The stakes have never been higher that we talk real on race. Here’s the problem: we surveyed Tallahassee on having conversations about race and learned that 28% would rather organize their sock drawer, 14% would prefer a root canal. But we say it’s really possible. We hope you’ll join us as we begin Local Color Season 3.
Since we began our Local Color gatherings two years ago, we’ve come to understand that the relationship between white liberals and black Americans is much more complicated than many of us thought. We’ll go there, but we’ll do it like the neighbors we are. The conversation continues at God Squad the next day here.
We talk a lot about difference of opinion between groups but less about variety of opinion that exists inside them. Does viewpoint diversity undermine the solidarity of marginalized groups? Should minorities who challenge conventional wisdom automatically be considered traitors? Or might an embrace of ideological difference inside racial minorities plant seeds to heal division?

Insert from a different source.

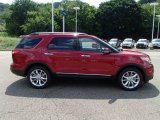 2014 Ruby Red Ford Explorer Limited 4WD #83316464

Four black men were lynched here. Those events, memorialized at the National Lynching Museum in Montgomery, are the focus of a local initiative seeking to remember our community’s share of the violent legacy of slavery and Jim Crow. As we struggle to stem the rising hatred across America today, we’ll consider the complexity of the task of reconciliation and talk about modern day vigilante justice and mobs.
This year’s Local Color panelists are racially diverse at home. For Valentine’s Day, we’ll talk about interracial marriage and adoption at a time when tensions are rising across racial lines – and wrestle with whether we ought to be more melting pot or more salad bowl, retaining our cultural differences.

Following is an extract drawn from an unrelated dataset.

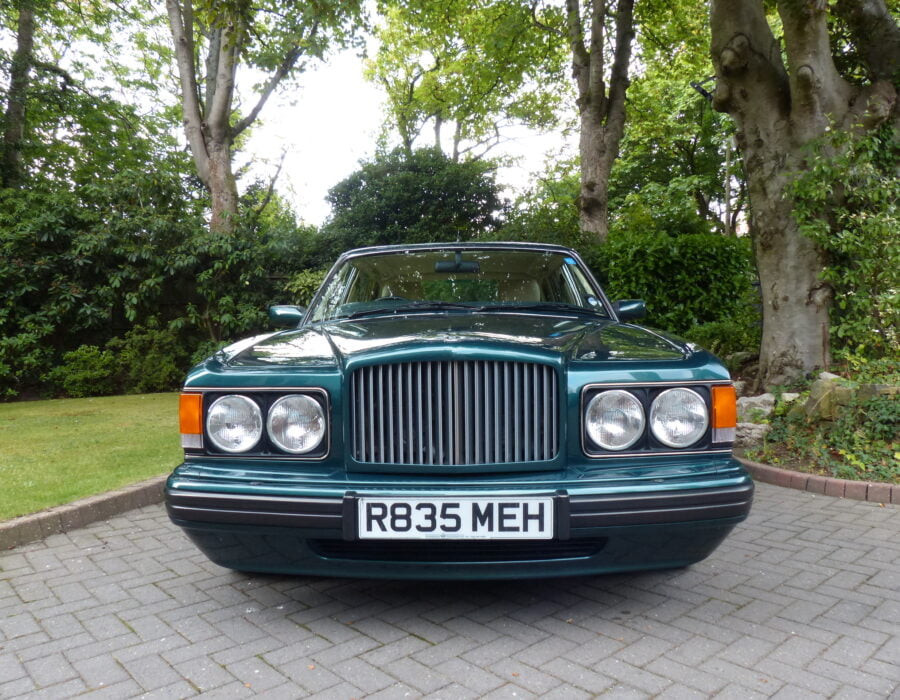 BENTLEY BROOKLANDS LPT SWB 1997 SOLD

Does identity politics help marginalized groups get some much-needed R-E-S-P-E-C-T – breaking through barriers to become who we really are? Or does it sometimes hide what’s most unique about us? Can we adore and endure each other? We’ll figure all this out in 90 minutes, no big deal.
In a biographical telling of Jackie Robinson who wore jersey #42 throughout his Major League career, the film 42 tells the story of the first black baseball player in the MLB.